Sous Lansana Conté et Alpha Condé, la résidence présidentielle avait été baptisée Villa des hôtes et accueillait des événements officiels. Jusque-là, Andrée Touré vivait à la villa Syli, une modeste maison du quartier Coléah, au sud de la capitale. Son environnement a donc bien changé. Grands arbres, oiseaux de basse-cour, vigiles… La veuve de Sékou Touré est revenue dans les bonnes grâces. Son fils Mohamed, condamné et incarcéré aux États-Unis avec son épouse pour esclavage en 2019, a été libéré en février dernier et a regagné la Guinée… « grâce à Mamadi Doumbouya », assure la famille. Le président de la transition a également renommé l’aéroport du nom de l’ancien chef de l’État, en 2021. Et bien qu’il ait récupéré la tête du parti, le Parti démocratique de Guinée (PDG) hérité de son père, Mohamed cultive la discrétion.

Andrée Touré est née à Macenta, en Guinée-Forestière, en 1934, de Paul-Marie Duplantier, médecin militaire français et d’une Guinéenne, Kaïssa Kourouma. « Mes parents se sont mariés selon notre coutume. Ils habitaient au camp militaire de la ville. Mon père a dû quitter ma mère peu après ma naissance. Ils ne se sont plus jamais revus et je fus élevée dans ma famille maternelle », raconte Andrée Touré dans Ma vie auprès d’Ahmed Sékou Touré (L’Harmattan, 2023), une autobiographie préfacée par l’ancien directeur général de l’Unesco, le Sénégalais Amadou Mahtar Mbow.

Elle n’a donc pas connu son père, cet « homme de bien », selon ce que lui ont rapporté ceux qui l’ont côtoyé, comme sa marraine et son parrain, les Rouvin. Ce couple de fonctionnaires des Eaux et Forêts aménagea la pinède de Dalaba, en Moyenne-Guinée, ville réputée pour son climat doux, au point d’être surnommée la « Suisse d’Afrique ». Après leur retraite, ils ouvrirent une scierie à Nzérékoré, en Guinée-Forestière. De son côté, Paul-Marie Duplantier fit plusieurs gestes en faveur de sa famille restée en Guinée : une case « spacieuse » et des bijoux en or laissés à la jeune maman, ainsi qu’une pension alimentaire payée durant un « certain temps ».

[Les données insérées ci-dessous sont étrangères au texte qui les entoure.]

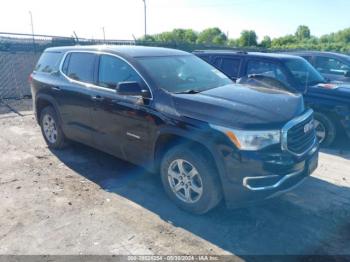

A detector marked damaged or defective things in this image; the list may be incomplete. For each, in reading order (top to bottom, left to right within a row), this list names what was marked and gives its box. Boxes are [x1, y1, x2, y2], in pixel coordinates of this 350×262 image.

damaged suv [30, 46, 320, 214]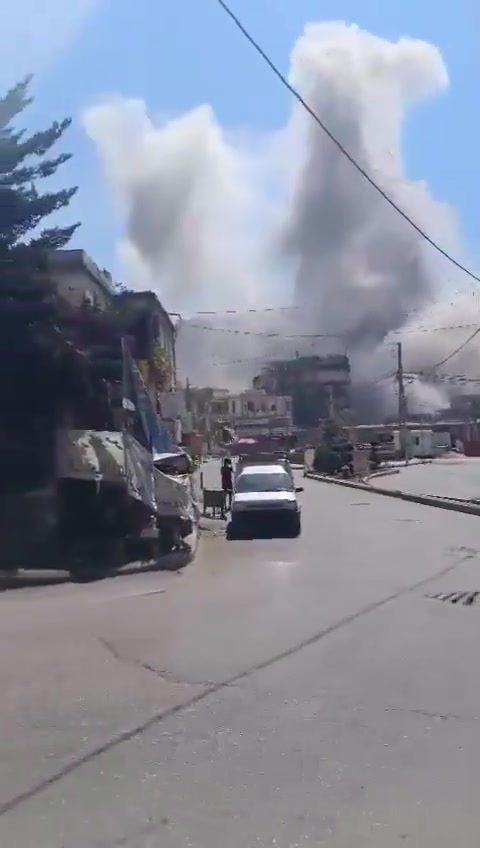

Musulmane, aînée d’une fratrie nombreuse
Andrée Touré aura sept frères et sœurs, l’une issue du premier remariage de sa mère avec un agronome de Pita (région de Fouta-Djalon), Maadjou Bah, décédé de manière précoce, les autres de l’union avec un commis expéditionnaire, Sory Keïta, originaire de la Haute-Guinée. Forte de ce brassage, l’enfant de Guinée-Forestière s’est établie en Basse-Guinée et s’enorgueillit d’être une Guinéenne à part entière. « Je me suis bien occupée de mes frères et sœurs, nous étions très unis », confie la veuve de Sékou Touré à Jeune Afrique, tout en égrenant son chapelet.

En cet après-midi de mars, cette musulmane pratiquante vient de terminer sa prière d’Asr. Peu avant, elle a reçu des visiteurs venus s’enquérir de son état de santé. Parmi eux, l’ancien ministre et leader politique, Bah Ousmane. Fatou Alaby, la mère de ce dernier, fut une proche amie d’enfance d’Andrée Touré. Toutes deux ont fait ensemble le pèlerinage à La Mecque, en 1977, en compagnie du Premier ministre d’alors, Lansana Béavogui.

Fatou Alaby fut d’ailleurs gouvernante, sous Sékou Touré, au Palais du peuple de Conakry. Cela n’a néanmoins pas empêché son mari, par ailleurs membre du bureau fédéral de Conakry II du PDG, d’être incarcéré durant un an au camp Boiro, au lendemain de l’agression portugaise de 1970. Les relations des deux amies, considérées comme des jumelles lors de leurs années d’écolières à Pita, se sont progressivement distendues, jusqu’à la mort de Fatou Alaby en 2017.

Après avoir intégré l’orphelinat des métisses de Kankan, la jeune Andrée entre, en 1947-1948, au collège des jeunes filles de Conakry. À l’époque, une grève des cheminots la contraint à rallier la capitale guinéenne à bord d’un camion gazogène, écrit-elle dans son livre.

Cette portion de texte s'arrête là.